'''

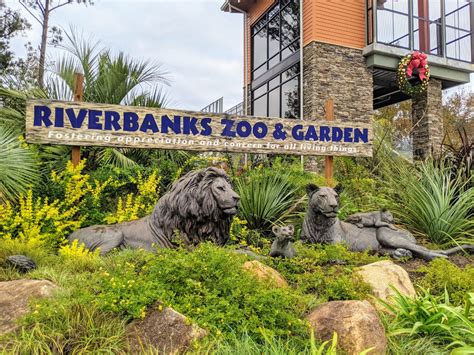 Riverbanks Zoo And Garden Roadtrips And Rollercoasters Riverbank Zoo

'''
'''

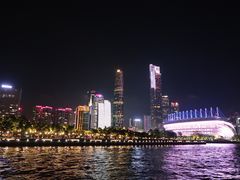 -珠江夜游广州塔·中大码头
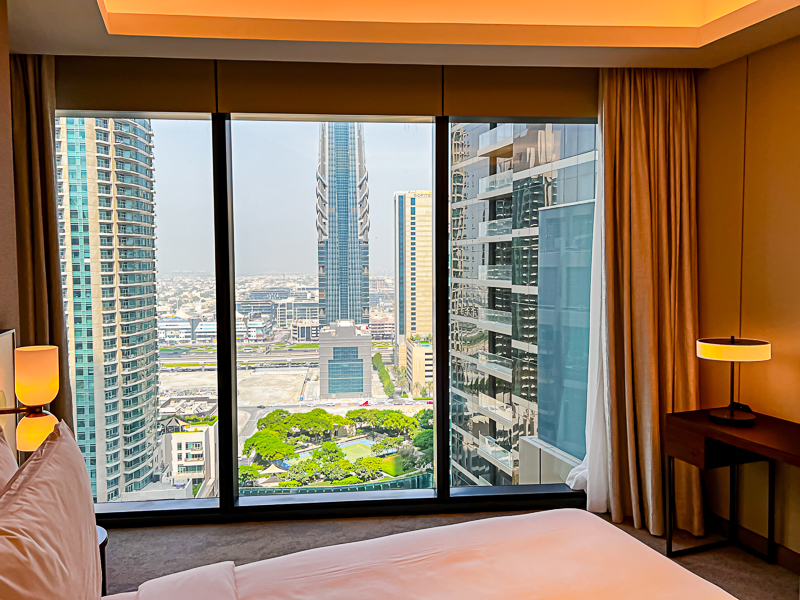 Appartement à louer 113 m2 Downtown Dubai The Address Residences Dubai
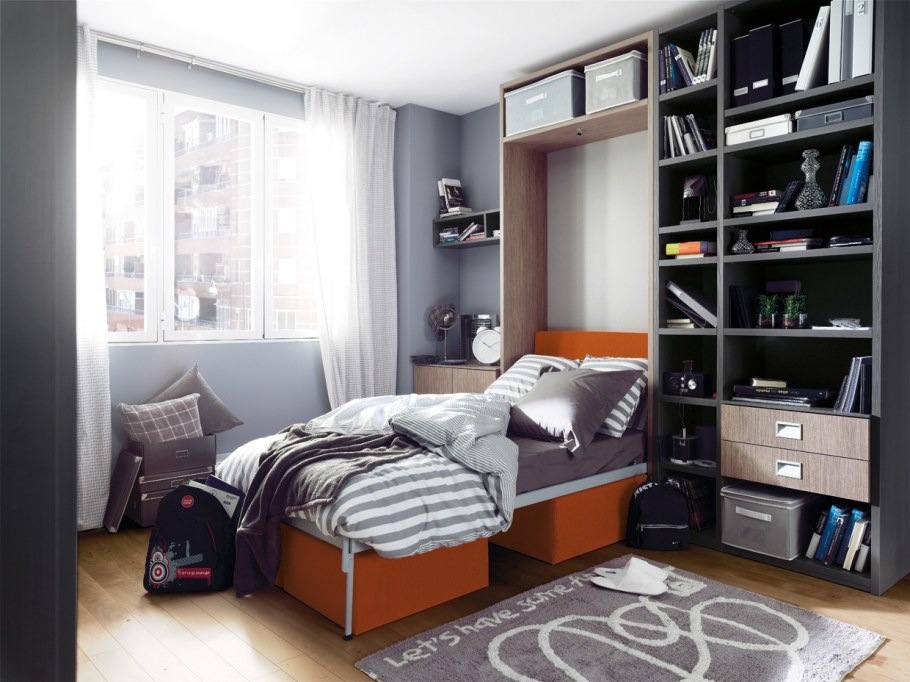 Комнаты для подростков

'''

Problem to solve
Given the listing above, repeat exactly the lines starting at the one with "-珠江夜游广州塔·中大码头" and ending at the one with "Комнаты для подростков", inclusive, excluding pictures.

Answer section
 -珠江夜游广州塔·中大码头
 Appartement à louer 113 m2 Downtown Dubai The Address Residences Dubai
 Комнаты для подростков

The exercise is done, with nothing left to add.